一方的に蹴り続けられ、影縫は口から血を吐き続けるも、彼は何とか意識を取り戻し自分の体を影に沈めワイヤーから脱出しヒュードルから距離を取る。
それを逃す事はなくヒュードルは銃身を影縫に向けて放った。弾丸には先程同様、罪の根源が織り混ざられており、影縫は影を腕に纏い剣状にすると声を上げる。
「生命開放、絶影海・朧」
両腕に剣状の影を作り出し、それを振り回すと銃弾を切り裂いていく。そして、それを携えたままヒュードルに向かい影を広げ、再び、波に乗り、彼を追い回す。
ヒュードルは銃を放ちながらワイヤーで床に触れない様に移動し、彼は銃弾が切り裂かれては放ち続ける。
繰り返すごとに互いの読み合いは高度になっていくも、影縫は体に限界を迎えその場に膝を突き、血を吐いた。
その血はこれまで以上の量であり、地面にねっとりと滲んでいる。自分の体に限界が来ている事を察するも再び立ち上がりヒュードルに目をやり、彼に闘志を向けた。しかし、ヒュードルの興味は完全に影縫から無くなっており、血を吐く彼を見ながら喋りかける。

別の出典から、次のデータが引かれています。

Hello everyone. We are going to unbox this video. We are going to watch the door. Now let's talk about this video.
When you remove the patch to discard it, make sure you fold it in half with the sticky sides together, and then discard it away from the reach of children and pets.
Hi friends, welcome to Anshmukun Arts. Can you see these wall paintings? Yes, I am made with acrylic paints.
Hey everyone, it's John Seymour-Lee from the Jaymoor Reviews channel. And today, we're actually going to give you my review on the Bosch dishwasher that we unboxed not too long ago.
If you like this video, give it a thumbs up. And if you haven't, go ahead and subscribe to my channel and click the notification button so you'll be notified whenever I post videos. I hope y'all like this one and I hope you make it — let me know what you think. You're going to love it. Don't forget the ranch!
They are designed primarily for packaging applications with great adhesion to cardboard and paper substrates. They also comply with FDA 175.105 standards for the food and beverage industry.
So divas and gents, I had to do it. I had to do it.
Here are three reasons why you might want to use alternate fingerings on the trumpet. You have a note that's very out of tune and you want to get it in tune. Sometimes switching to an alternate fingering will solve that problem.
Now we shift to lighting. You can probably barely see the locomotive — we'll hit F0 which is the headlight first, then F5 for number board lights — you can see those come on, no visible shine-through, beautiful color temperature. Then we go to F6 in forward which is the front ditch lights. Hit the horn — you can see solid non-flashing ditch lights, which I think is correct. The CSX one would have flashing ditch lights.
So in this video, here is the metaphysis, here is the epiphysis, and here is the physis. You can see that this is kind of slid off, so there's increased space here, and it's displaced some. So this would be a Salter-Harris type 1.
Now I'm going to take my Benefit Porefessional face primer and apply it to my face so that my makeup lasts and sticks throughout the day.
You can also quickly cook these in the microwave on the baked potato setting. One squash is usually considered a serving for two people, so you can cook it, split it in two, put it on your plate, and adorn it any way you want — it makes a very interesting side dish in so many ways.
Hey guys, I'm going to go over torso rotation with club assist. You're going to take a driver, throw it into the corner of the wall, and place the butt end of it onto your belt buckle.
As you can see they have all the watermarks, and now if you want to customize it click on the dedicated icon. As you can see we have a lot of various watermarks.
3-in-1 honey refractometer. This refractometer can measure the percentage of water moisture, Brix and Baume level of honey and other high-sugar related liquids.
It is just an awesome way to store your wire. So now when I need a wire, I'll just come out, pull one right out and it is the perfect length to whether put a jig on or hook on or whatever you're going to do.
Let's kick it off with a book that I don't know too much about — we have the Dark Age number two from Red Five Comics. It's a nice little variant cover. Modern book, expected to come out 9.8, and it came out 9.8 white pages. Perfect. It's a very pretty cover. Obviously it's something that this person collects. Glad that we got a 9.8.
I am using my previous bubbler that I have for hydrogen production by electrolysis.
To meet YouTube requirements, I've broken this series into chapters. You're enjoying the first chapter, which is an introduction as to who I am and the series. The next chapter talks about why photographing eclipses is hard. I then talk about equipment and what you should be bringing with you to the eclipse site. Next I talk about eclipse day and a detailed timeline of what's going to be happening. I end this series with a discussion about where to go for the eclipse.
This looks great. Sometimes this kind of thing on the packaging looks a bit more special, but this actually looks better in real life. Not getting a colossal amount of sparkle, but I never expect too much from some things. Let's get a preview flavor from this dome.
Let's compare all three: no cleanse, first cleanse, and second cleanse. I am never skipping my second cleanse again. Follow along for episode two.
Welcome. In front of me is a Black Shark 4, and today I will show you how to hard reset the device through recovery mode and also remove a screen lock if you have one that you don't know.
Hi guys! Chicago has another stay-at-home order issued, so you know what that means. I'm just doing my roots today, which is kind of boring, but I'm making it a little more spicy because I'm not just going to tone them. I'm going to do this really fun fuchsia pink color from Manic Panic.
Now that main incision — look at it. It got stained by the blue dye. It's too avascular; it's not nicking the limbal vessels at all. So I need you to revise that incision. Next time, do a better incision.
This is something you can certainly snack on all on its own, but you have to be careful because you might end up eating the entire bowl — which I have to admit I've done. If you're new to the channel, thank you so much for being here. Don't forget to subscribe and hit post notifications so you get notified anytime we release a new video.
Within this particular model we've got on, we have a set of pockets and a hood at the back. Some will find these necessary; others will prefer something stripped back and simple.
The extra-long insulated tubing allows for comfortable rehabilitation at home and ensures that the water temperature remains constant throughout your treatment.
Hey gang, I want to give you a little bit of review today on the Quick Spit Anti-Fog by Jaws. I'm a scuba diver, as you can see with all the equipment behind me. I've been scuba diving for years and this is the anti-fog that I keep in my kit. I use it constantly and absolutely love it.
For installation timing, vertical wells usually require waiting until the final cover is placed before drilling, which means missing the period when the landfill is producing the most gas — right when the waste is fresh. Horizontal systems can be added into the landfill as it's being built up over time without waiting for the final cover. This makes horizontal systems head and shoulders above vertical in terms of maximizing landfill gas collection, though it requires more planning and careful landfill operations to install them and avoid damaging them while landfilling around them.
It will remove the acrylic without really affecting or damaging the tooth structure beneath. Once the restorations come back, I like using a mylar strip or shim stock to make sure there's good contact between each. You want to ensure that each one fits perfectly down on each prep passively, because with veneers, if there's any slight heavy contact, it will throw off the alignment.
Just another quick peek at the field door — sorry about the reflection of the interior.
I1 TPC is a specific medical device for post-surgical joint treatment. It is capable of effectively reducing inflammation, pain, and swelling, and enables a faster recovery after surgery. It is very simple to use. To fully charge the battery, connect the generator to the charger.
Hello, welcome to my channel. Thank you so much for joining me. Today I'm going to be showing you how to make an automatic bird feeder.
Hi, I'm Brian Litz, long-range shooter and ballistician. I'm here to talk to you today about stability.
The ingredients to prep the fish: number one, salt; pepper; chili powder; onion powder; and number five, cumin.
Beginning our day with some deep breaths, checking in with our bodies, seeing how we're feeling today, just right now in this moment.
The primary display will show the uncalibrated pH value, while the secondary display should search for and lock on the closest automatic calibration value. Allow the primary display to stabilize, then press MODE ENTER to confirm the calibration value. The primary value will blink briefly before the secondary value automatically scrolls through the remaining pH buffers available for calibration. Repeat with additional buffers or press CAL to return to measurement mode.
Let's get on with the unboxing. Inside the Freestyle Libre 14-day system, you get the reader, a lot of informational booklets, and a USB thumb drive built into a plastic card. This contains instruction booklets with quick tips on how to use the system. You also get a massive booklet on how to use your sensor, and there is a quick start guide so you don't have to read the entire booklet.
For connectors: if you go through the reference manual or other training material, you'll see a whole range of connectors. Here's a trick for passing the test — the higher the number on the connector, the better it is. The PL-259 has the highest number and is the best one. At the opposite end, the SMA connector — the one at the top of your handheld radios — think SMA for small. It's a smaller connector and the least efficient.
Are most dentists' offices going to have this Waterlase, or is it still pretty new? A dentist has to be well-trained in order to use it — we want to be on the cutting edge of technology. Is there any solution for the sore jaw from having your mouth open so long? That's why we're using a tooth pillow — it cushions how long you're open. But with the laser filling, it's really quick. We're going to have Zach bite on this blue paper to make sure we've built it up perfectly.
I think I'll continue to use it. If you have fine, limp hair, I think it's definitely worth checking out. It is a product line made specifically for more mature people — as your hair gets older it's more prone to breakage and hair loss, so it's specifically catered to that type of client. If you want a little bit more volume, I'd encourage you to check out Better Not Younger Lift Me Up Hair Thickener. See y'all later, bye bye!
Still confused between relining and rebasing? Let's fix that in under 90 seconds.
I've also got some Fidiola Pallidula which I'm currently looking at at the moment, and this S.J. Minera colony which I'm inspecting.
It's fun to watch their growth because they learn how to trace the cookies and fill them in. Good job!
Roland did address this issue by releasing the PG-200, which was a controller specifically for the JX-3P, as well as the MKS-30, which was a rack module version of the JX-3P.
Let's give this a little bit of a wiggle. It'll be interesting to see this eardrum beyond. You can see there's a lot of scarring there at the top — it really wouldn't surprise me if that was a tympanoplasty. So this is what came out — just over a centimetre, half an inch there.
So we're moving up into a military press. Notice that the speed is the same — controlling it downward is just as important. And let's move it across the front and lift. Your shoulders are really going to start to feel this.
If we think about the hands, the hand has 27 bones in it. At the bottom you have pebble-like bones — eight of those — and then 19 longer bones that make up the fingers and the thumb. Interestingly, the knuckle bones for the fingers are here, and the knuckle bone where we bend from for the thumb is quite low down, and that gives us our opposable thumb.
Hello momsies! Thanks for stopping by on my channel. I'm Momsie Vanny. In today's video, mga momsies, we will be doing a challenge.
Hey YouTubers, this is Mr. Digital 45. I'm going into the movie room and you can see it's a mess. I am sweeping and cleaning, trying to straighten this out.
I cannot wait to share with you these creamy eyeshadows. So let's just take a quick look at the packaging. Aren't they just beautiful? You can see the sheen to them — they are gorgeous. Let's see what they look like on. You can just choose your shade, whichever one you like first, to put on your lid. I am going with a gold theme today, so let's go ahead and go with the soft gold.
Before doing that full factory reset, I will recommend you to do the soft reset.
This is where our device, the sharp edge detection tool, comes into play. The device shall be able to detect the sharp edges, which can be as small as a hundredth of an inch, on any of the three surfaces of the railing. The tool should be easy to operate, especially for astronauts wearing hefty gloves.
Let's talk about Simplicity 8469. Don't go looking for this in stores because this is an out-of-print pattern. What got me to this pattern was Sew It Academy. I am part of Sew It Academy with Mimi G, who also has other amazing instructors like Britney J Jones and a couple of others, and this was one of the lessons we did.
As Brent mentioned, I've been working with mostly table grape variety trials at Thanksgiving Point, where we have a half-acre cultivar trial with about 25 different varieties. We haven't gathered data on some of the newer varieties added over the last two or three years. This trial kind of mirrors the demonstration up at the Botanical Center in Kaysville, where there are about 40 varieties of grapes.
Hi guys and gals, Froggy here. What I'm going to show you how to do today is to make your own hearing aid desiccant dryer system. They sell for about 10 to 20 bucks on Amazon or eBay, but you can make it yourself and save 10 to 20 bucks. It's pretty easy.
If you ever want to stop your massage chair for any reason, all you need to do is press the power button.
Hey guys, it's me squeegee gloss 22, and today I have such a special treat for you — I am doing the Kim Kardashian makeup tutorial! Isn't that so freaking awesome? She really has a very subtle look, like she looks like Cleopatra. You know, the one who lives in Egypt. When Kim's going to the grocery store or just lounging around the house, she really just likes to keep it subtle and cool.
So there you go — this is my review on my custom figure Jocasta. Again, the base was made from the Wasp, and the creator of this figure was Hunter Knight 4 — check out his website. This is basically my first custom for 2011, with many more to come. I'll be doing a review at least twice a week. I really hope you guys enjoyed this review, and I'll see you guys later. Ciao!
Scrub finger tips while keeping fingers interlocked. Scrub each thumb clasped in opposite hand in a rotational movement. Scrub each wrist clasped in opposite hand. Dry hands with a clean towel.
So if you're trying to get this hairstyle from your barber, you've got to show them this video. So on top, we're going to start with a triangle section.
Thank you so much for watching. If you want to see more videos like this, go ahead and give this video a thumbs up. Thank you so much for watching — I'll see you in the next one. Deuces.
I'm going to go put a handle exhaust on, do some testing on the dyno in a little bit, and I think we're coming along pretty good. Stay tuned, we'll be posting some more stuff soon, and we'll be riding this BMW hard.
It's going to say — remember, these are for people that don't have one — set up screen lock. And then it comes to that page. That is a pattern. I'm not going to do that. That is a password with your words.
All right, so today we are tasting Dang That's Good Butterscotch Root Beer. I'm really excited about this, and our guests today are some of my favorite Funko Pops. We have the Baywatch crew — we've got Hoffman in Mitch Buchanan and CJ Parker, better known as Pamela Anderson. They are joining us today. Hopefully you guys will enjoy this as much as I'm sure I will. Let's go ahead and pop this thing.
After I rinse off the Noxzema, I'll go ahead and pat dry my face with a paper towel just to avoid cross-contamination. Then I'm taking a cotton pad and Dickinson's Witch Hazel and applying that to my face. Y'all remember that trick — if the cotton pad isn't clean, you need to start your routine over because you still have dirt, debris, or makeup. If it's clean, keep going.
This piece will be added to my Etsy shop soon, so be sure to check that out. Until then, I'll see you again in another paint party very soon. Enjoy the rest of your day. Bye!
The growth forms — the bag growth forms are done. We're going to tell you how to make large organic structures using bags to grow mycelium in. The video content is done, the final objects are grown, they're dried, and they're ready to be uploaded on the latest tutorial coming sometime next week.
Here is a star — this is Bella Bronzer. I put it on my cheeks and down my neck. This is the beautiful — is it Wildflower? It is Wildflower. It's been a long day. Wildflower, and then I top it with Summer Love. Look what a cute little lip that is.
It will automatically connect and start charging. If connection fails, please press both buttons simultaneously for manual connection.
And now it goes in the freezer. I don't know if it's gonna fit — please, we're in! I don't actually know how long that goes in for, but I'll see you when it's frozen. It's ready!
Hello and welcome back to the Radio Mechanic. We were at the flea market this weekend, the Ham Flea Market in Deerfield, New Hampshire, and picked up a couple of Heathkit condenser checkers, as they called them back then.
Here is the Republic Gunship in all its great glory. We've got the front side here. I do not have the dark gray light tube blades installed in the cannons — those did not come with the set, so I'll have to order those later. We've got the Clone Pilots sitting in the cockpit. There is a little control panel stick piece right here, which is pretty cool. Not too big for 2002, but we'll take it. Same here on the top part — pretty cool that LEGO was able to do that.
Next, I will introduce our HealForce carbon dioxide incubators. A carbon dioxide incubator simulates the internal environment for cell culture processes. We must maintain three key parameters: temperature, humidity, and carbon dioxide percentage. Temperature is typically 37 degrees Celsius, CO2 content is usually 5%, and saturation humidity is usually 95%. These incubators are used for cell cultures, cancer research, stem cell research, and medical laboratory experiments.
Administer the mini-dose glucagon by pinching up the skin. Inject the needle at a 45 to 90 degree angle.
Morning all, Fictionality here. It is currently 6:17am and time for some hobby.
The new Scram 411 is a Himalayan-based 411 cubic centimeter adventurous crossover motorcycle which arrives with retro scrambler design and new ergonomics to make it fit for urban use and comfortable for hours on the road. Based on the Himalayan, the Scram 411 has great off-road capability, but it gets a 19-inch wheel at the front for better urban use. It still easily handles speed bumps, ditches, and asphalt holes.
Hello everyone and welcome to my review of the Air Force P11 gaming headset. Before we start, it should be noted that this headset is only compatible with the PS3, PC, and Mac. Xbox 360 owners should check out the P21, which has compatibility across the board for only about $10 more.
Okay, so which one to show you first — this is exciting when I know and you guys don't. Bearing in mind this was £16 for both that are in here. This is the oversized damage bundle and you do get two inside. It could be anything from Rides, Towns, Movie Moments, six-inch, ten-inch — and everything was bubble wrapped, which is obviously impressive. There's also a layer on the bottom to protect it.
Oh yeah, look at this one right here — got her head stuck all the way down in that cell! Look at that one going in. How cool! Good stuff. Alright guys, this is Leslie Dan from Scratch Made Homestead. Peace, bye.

「ボロボロだね。でも、もう飽きた。俺は俺でやらなきゃいけない事があるからね。ここの装置は好きにして良いよ。それじゃあね、影縫縫兎。暇つぶしには丁度よかったよ」
彼はそう言うとビルのガラスを割り、その場から姿を消してしまった。
影縫は訳も分からずその場に残され、体を動かそうとするも、ヒュードルから受けた生命武器の能力により大量の血を失ったせいで彼の意識は深い底へと向かってしまう。
ヒュードルは空中に体を投げ、重力に沿って落下して行く中、彼は耳につけているデバイスに向けて呟いた。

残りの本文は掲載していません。